What is GDP ? Government spending+consumer spending+company spending on goods, services and some financial products perhaps ? Are these figures adjusted for inflation ? By how much will the increase of the price of oil and products inflate the GDP number ? How much of the increasing housing bubble has contributed to the increasing GDP (i.e how much of the the increasing GDP can be attibuted to the creation of money) ? I'm not an economist but as I understand it, GDP is a measure of economic activity, not a measure of the total value of goods. If the measure of GDP is correct however it should bear a relationship to the total value of goods but in some conditions this relationship could be broken ...

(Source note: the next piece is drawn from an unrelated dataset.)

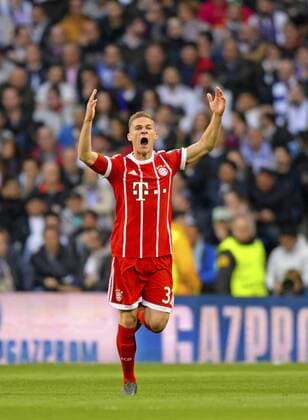 01.05.2018, Fussball UEFA Champions League 2017 2018, Halbfinale Rückspiel, Real Madrid - FC Bayern München, im Bernabeu-Stadion Madrid. Torjubel Joshua Kimmich (FC Bayern München)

On the other side, of course, peak oil is related but not equivalent to peak energy. If there is still some real increase in the world's activity we would have to ponder a few things among :

- Some of the countries contributing to the increase in world GDP have the possibility to switch a significant part of their energy supply to coal, uranium and gas for the time beeing. This will still enable for some months or years to increase the energy input. For how long ?
- A thousand dollar question would be : is there a black market for oil ?
- How are the numbers for oil production obtained in the first place ? Is there an international agency which verifies the numbers declared by each country ? Are there any sanctions taken in case a country understates or overstates its production ?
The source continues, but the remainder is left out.